::: RECORDS PROVIDED :::

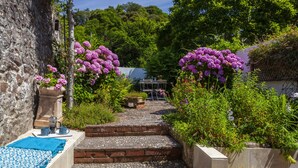 Escadaria de pedra que dá acesso a um jardim com mesa e cadeiras, cercado por vegetação exuberante e flores roxas.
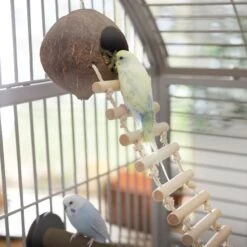 Frisco Up The Ladder Coco Bird Hut -Sunny Decor Shop 331723 PT3. AC SS1800 V1660703304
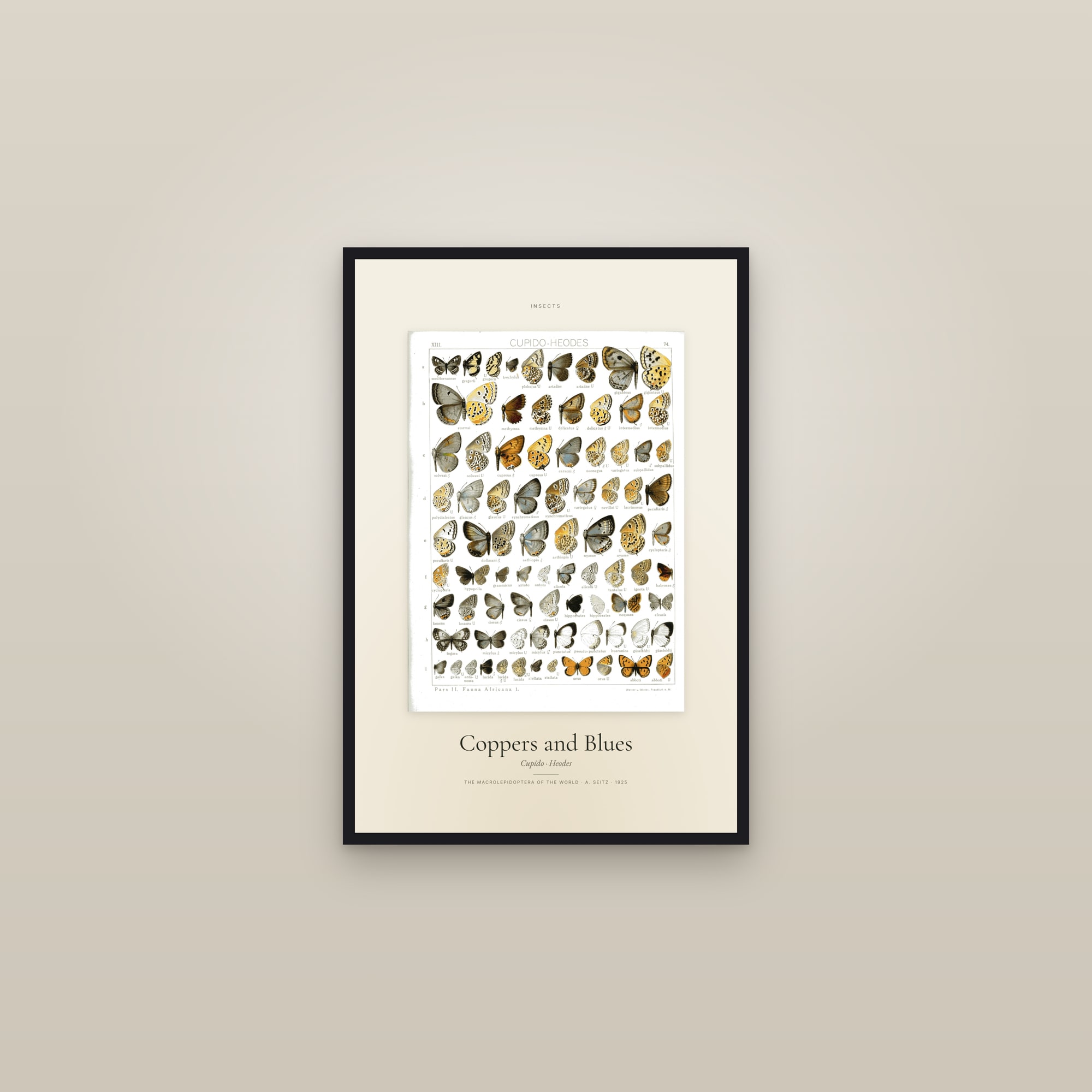 Coppers and Blues — Specimen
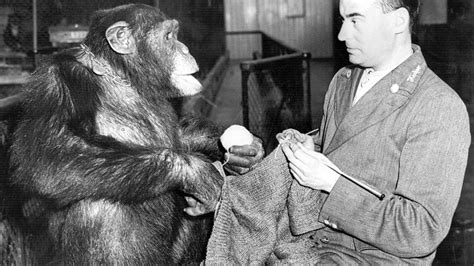 how are humans similar to chimpanzees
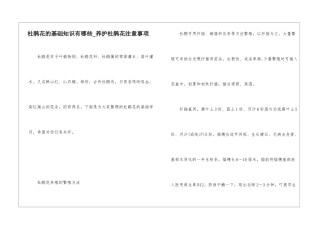 杜鹃花的基础知识有哪些-养护杜鹃花注意事项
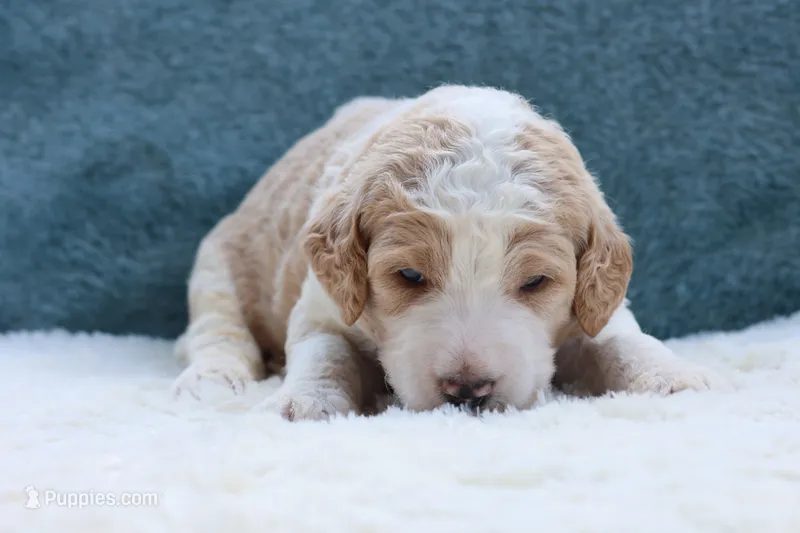 Cooper  – Goldendoodle puppy for sale in Cherry Creek, NY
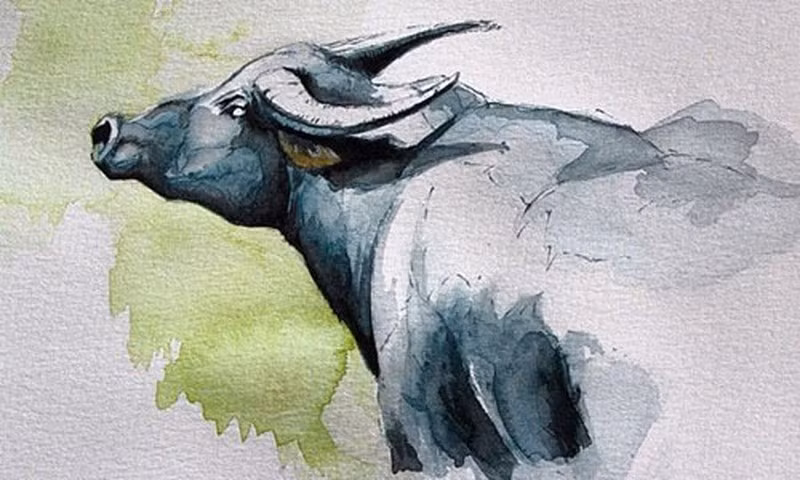 Tu 1/8 Canh Ty: 3 con giap lien tuc may man, tien bac luon cang vi-Hinh-2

:::

> [EXERCISE PROMPT] Copy nothing but the lines from the line holding "Coppers and Blues — Specimen" through the last line of the entries, exactly, while leaving out the pictures.

> [RESPONSE FOR THIS EXERCISE]
 Coppers and Blues — Specimen
 how are humans similar to chimpanzees
 杜鹃花的基础知识有哪些-养护杜鹃花注意事项
 Cooper  – Goldendoodle puppy for sale in Cherry Creek, NY
 Tu 1/8 Canh Ty: 3 con giap lien tuc may man, tien bac luon cang vi-Hinh-2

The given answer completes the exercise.